# YOUR OBJECTIVE
Output, exactly as written, the lines below starting at the line containing "Short-term rent of" and ending at the line containing "Pilot brez licence". Drop the pictures and keep both end lines.

# DATA FOR PROCESSING
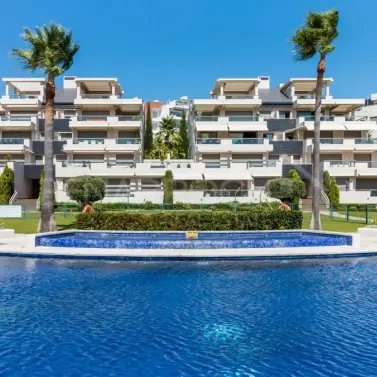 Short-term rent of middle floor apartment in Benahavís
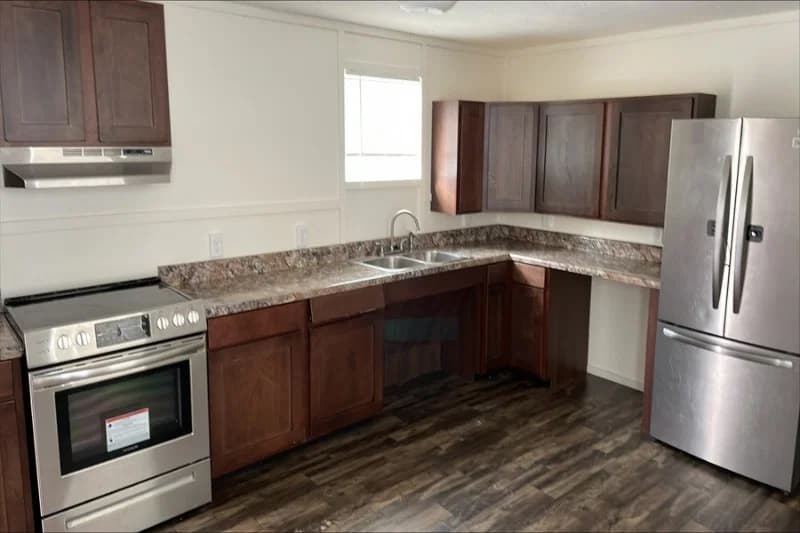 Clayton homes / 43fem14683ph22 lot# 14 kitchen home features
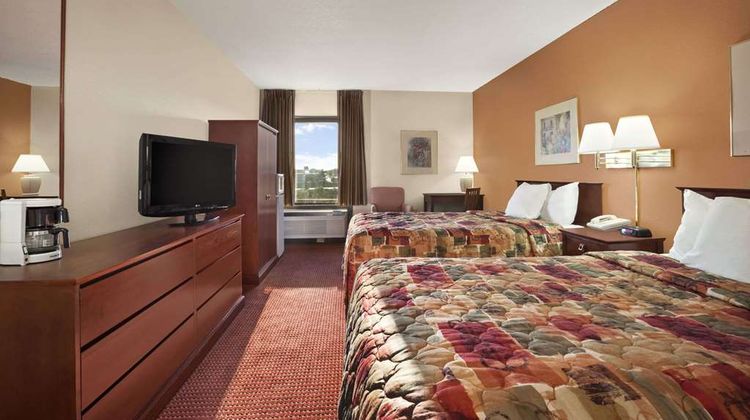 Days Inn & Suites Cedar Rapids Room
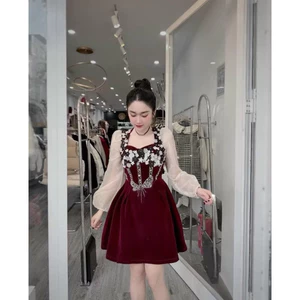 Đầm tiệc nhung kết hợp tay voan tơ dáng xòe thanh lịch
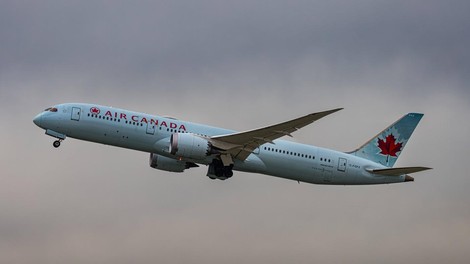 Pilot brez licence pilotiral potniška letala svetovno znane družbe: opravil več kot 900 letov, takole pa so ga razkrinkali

* * *

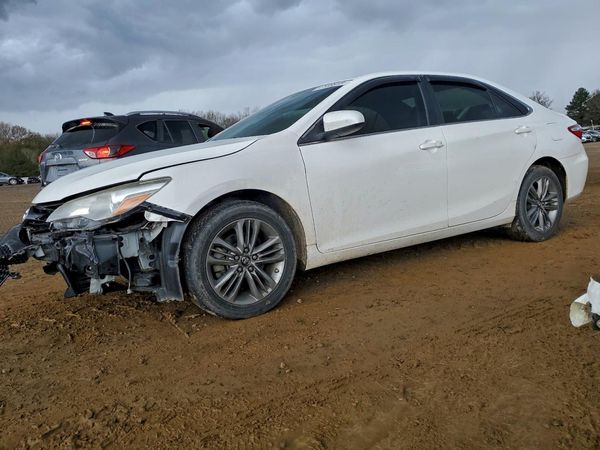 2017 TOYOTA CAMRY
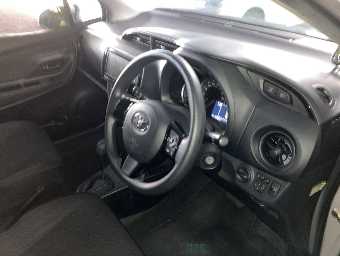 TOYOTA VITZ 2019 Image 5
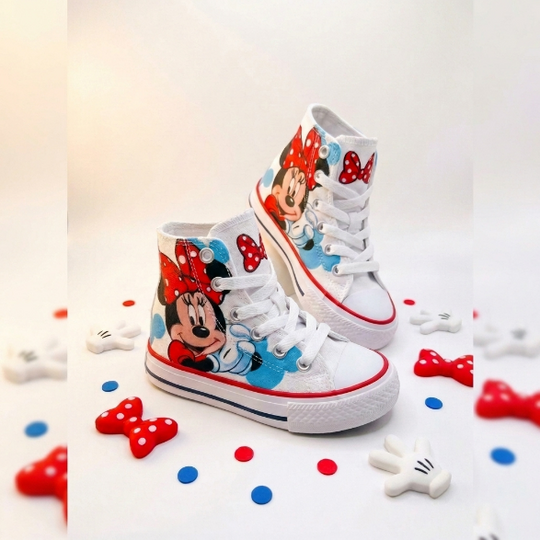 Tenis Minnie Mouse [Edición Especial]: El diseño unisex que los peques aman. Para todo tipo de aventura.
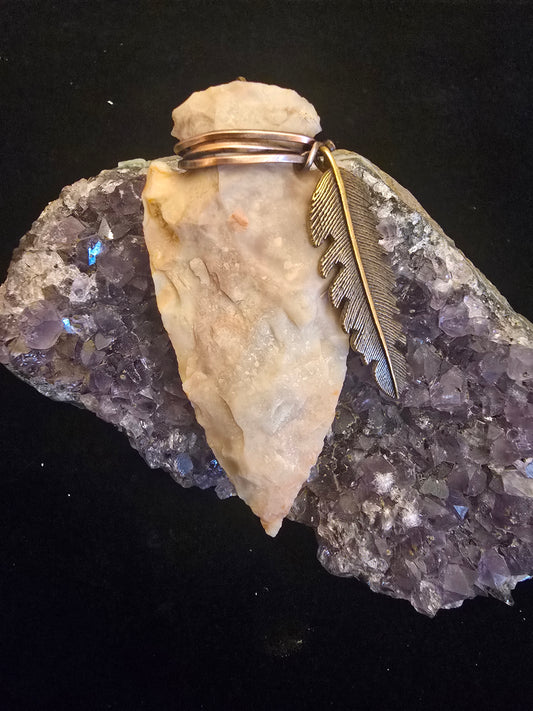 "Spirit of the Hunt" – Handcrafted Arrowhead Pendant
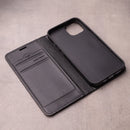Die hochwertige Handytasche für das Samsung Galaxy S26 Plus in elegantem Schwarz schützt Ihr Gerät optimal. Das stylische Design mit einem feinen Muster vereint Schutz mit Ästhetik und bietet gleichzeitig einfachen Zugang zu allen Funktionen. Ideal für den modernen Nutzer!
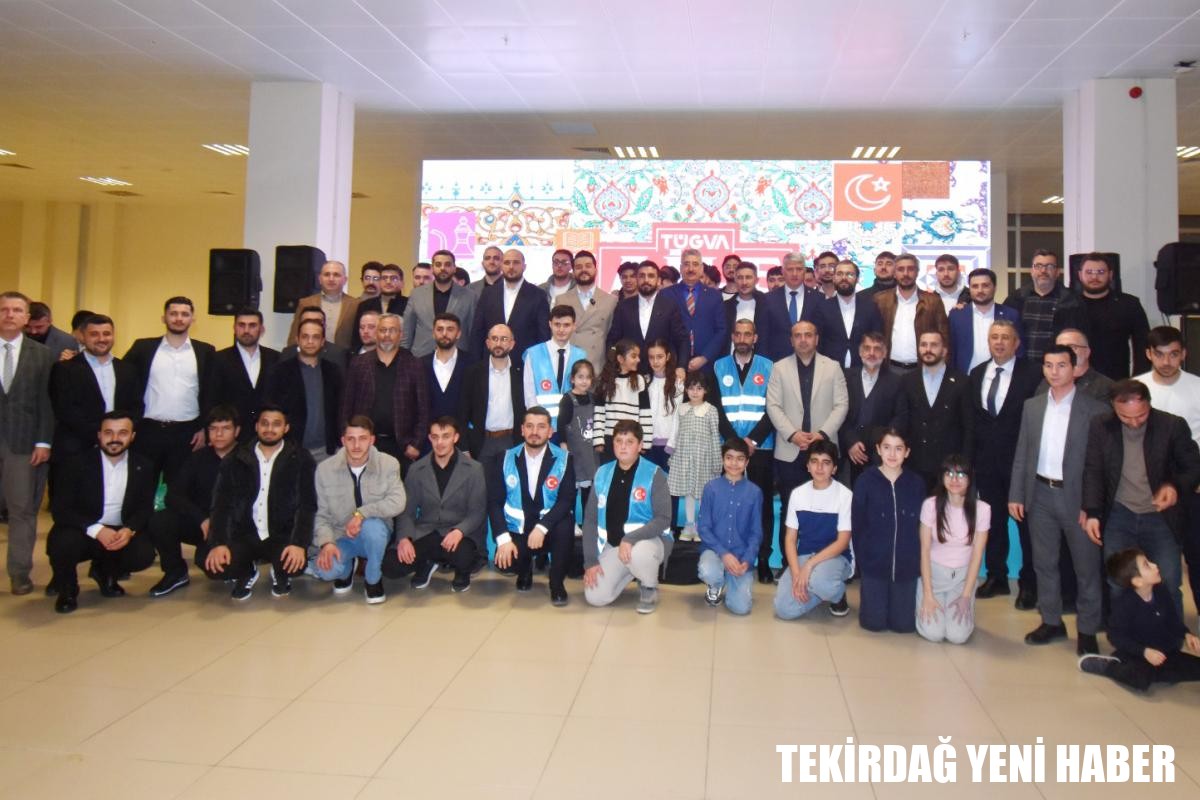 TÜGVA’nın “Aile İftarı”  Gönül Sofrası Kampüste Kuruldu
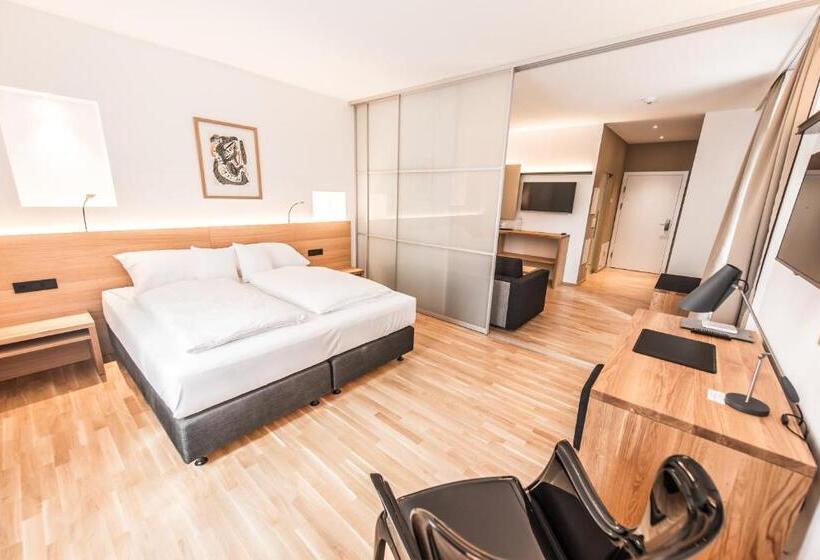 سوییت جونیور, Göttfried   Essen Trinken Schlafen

--

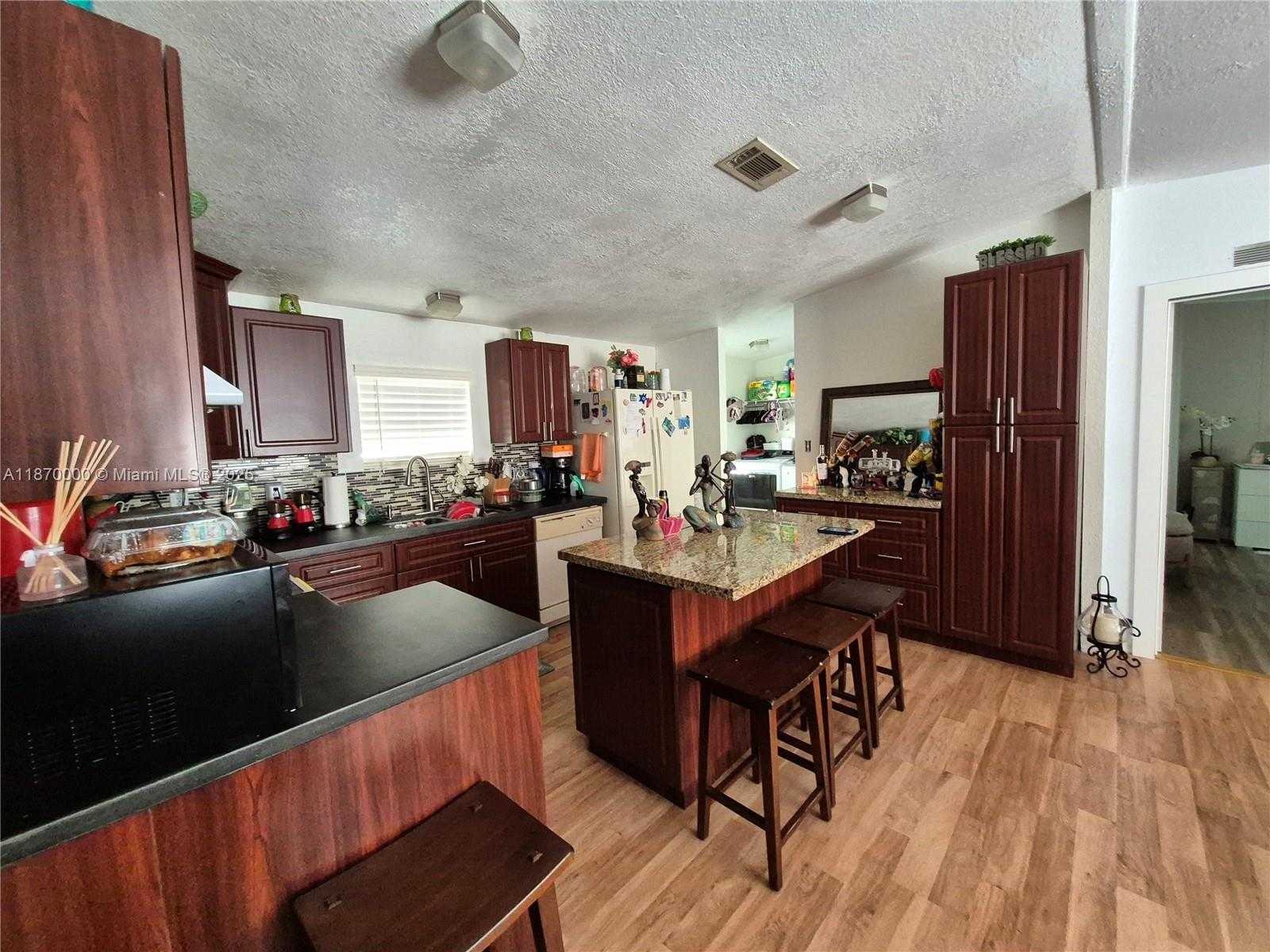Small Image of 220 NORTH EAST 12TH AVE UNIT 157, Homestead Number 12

# ANSWER TO THIS EXERCISE
 Short-term rent of middle floor apartment in Benahavís
 Clayton homes / 43fem14683ph22 lot# 14 kitchen home features
 Days Inn & Suites Cedar Rapids Room
 Đầm tiệc nhung kết hợp tay voan tơ dáng xòe thanh lịch
 Pilot brez licence pilotiral potniška letala svetovno znane družbe: opravil več kot 900 letov, takole pa so ga razkrinkali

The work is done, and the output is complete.